The Enid News and Eagle, Enid, OK

March 6, 2006

Original $1.5 million has grown six times for Enid Community Foundation

By Robert Barron

That belief, plus her banking experience, has helped Stallings lead the Enid Community Foundation and help it grow.

Since college, she has worked with non-profit organizations, whose boards often need her skills.

The business skills she brings to the groups include reading financial statements and understanding trust agreements.

“You have to let things take their own course,” she said.

Stallings said all of the other board members and contributors to the Enid Community Foundation have also lent their expertise to the organization.

One of her goals is to educate people about what endowments can do so they will not be afraid of them.
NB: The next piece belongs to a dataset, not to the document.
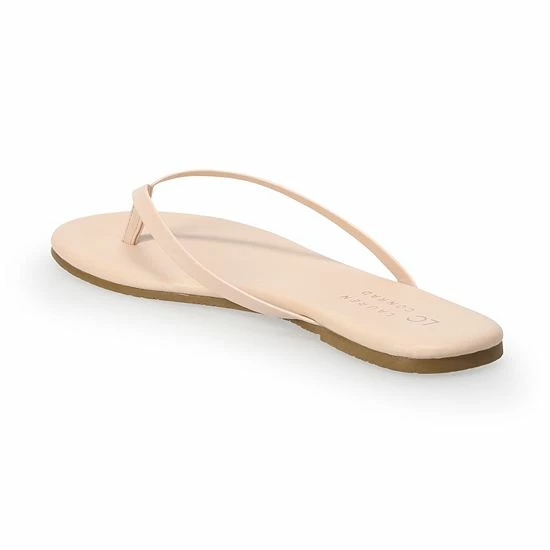 LC Lauren Conrad Honey 2 Women's Flip Flop Sandals Denim Blue Floral 3 LC Lauren Conrad Honey 2 Women's Flip Flop Sandals Denim Blue Floral - Image 3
Stallings believes there still is a reluctance by many people to use endowments, fearing they will not be able to do what they want to do.

Often people discuss a project they have in mind during the grant cycle, and Stallings will know where they can collaborate on that idea to help make it grow.

Another reason the ECF has been successful is the small operating budget. The foundation operates with one full-time employee and volunteers from RSVP and expertise from board members.

The City of Enid also cooperated with ECF on rent for its office space in the Cherokee Strip Conference Center.

Main Street Enid and PEGASYS also have worked with the ECF, and together they have learned about each other, she said.

All of those, plus the volunteers, have made the organization a success.

ECF has grown from the original gift by the Sisters of Mercy of $1.5 million to $6 million in assets and $250,000 in total grants in 2005.

Stallings said her job is to educate while the actual contacts are made by the board members.

A lot of the success has been in the timing.

The original board was started by Kelly Champlin, who saw what was happening in the community and the opportunity; Tim Traynor who had been thinking about a community foundation for several years; and Allan McCobb of the United Way of Enid and Northwest Oklahoma, who knew the difference endowments make.

Stallings had worked with a non-profit consultant from Oklahoma City and was familiar with how the ECF would operate when she was offered the job.

“All the pieces came together at the right time,” she said.

Enid Community Foundation Board president Todd Humphrey said Stallings’ experience was “fantastic.”

As a lender with Bank of Oklahoma, Stallings worked with the trust department and gained extensive knowledge working with non-profit groups, he said.

“When she was hired there was very little teaching done,” Humphrey said.

Stallings also attended workshops hosted by groups like Sarkeys Foundation and what she did not know, she learned.

“She continues to do that training, and now they are asking her to make the presentations,” he said. “She hit the ground running and it has taken off. She works long hours, nights and weekends, it makes my job as president pretty easy,” he said.

The ECF can be an economic development tool. Many communities do not have a community foundation and she believes Enid’s foundation is evidence to companies of Enid’s quality of life.

Stallings also would like to see more education on the money from Enid to state and national organizations. She said the ECF can create endowments for organizations here and the funding will stay local and benefit the community at the same time.